Quando invece il generalizzato aumento della quantità di pesce e crostacei legata al cosidetto ‘lockdown’ avrebbe dovuto, secondo me, indicare che la via maestra per il futuro è semmai la creazione di zone di ripopolamento in cui lasciare in santa pace il mondo sottomarino (anche per meglio beneficiarne nelle zone limitrofe). È infatti ormai consolidato scientificamente che l’effetto di ‘spill over’ (migrazione di animali da una zona protetta alle aree circostanti) incrementa i profitti della pesca nelle zone limitrofe, anche se interessate da turismo subacqueo (si veda ad esempio Marine reserve benefits local fisheries, Russ et al., Ecological Society Applications v.14 n.2). Ma non serve andare tanto lontano per avere esempi funzionanti in cui sono tutti felici, pescatori, pesci, turisti subacquei e non: la Corsica ha da anni una gestione moderna di questo tipo (si veda ad esempio questa pagina web).
A poco serviranno infatti iniziative importanti come il progetto Mare Caldo (vedi qui) a cui mi onoro di partecipare con Greenpeace, volto allo studio dell’impatto dei cambiamenti climatici sul Mare Nostrum, se in parallelo non nascerà un sentimento più marcatamente responsabile a livello locale.

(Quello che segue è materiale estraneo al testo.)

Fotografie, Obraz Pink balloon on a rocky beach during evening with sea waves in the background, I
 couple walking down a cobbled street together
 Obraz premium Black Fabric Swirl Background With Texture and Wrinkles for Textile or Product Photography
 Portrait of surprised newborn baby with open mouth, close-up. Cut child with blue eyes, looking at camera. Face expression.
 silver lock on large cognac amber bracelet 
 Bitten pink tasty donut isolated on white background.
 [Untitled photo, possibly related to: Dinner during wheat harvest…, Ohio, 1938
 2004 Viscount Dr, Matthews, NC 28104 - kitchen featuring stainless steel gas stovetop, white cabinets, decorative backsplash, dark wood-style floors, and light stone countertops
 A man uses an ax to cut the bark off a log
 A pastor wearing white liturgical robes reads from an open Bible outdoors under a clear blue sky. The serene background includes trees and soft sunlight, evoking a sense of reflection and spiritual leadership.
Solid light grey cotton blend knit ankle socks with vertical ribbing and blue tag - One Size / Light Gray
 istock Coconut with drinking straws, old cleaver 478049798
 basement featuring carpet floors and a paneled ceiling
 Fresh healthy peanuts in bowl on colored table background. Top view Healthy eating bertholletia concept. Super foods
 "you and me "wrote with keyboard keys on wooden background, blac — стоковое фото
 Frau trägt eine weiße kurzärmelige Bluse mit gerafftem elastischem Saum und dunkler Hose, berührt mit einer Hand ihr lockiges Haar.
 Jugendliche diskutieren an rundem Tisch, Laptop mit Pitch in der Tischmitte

Leggo proprio oggi che la Capitaneria di Porto (a cui dovremmo tutti dire ‘grazie’ per un lavoro di controllo sempre più intricato) ha sanzionato pescherecci a strascico in zone proibite, veri e propri delinquenti che spengono il sistema di identificazione AIS e costringono a controlli più evoluti e via satellite. E che secondo me si fanno una grassa risata quando vedono che la pena è di appena duemila euro, una cifra ridicola se confrontata al profitto di una pescata illegale, che vale la pena rischiare di prendere mettendola già in preventivo alla voce ‘uscite’ nel flusso di cassa. Ben diverso sarebbe se un peschereccio trovato in zona proibita venisse istantaneamente sequestrato con revoca eterna della licenza di pesca e denuncia penale. Allora forse le regole verrebbero rispettate e la gente comincerebbe anche qui ad organizzarsi in modo più virtuoso e amico dell’ambiente come fanno da decenni in altre parti, anche in quelle considerate spesso ‘terzo mondo’.